Set down exactly the lines below between the line holding "SpinMop 360º + Paño de Microfibra de regalo" and the line holding "2015 Ford Transit", inclusive; no other line belongs in the answer.

● **Supplied records**:
━━━━━━━━━━━━━━━━━━━━━━━━━━━━━━
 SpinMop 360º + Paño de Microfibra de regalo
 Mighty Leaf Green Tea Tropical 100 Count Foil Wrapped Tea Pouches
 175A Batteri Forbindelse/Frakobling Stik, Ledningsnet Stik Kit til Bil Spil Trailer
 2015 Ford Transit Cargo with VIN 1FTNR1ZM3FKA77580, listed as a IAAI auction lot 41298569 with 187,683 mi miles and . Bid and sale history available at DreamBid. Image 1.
━━━━━━━━━━━━━━━━━━━━━━━━━━━━━━
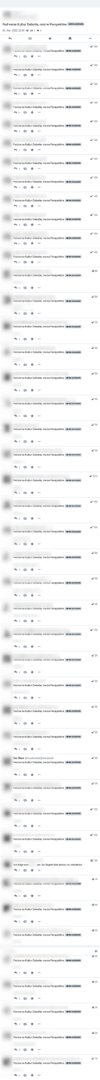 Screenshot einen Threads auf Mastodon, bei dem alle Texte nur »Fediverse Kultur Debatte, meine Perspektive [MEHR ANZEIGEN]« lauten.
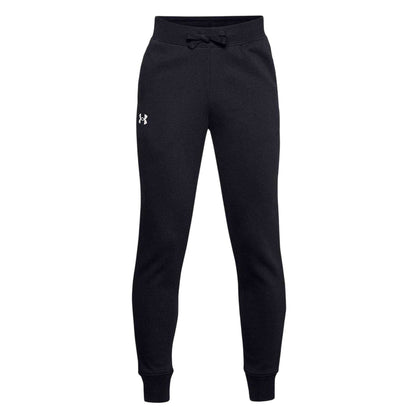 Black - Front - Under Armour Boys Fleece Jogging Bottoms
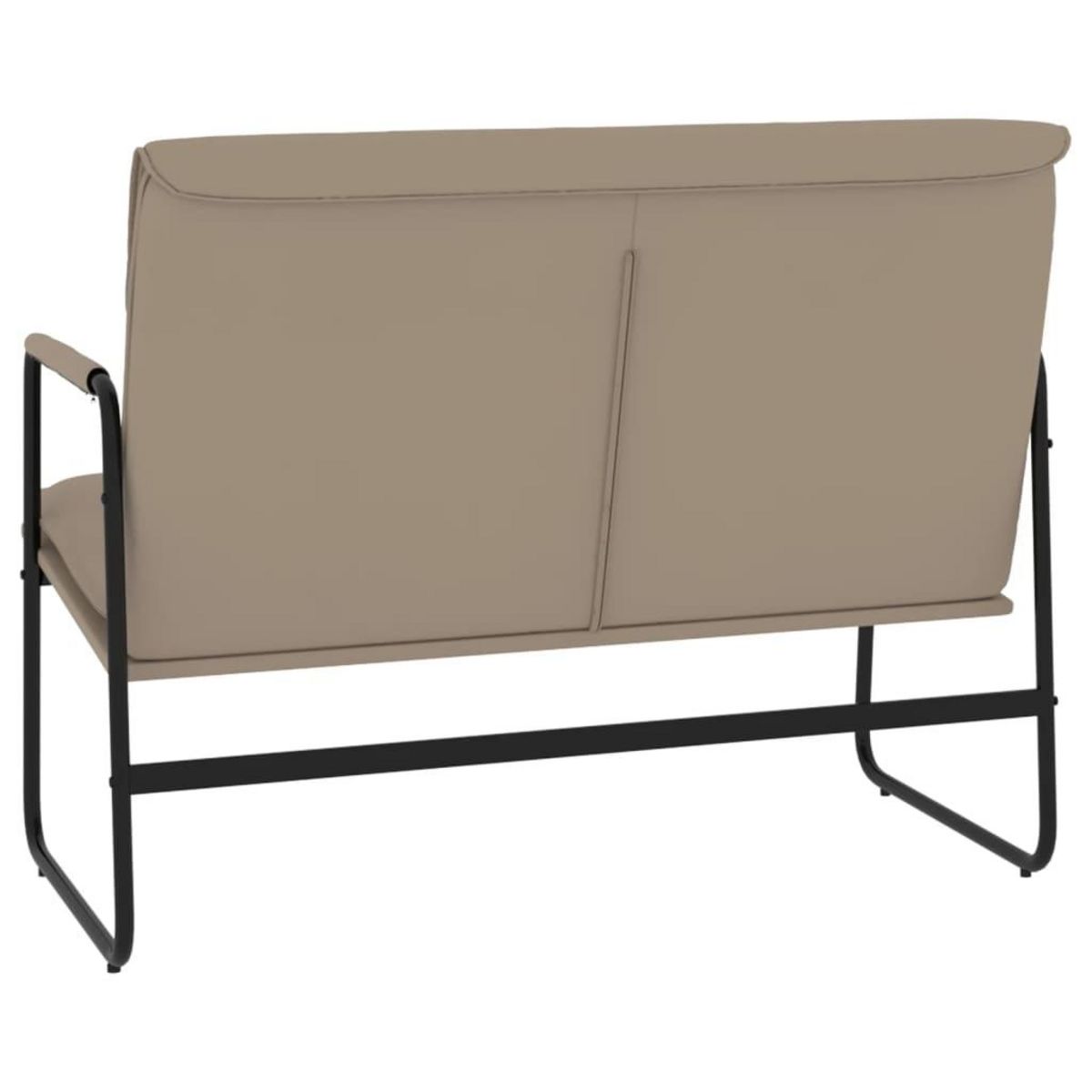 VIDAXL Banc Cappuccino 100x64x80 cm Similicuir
━━━━━━━━━━━━━━━━━━━━━━━━━━━━━━
● **The completed task**:
 SpinMop 360º + Paño de Microfibra de regalo
 Mighty Leaf Green Tea Tropical 100 Count Foil Wrapped Tea Pouches
 175A Batteri Forbindelse/Frakobling Stik, Ledningsnet Stik Kit til Bil Spil Trailer
 2015 Ford Transit Cargo with VIN 1FTNR1ZM3FKA77580, listed as a IAAI auction lot 41298569 with 187,683 mi miles and . Bid and sale history available at DreamBid. Image 1.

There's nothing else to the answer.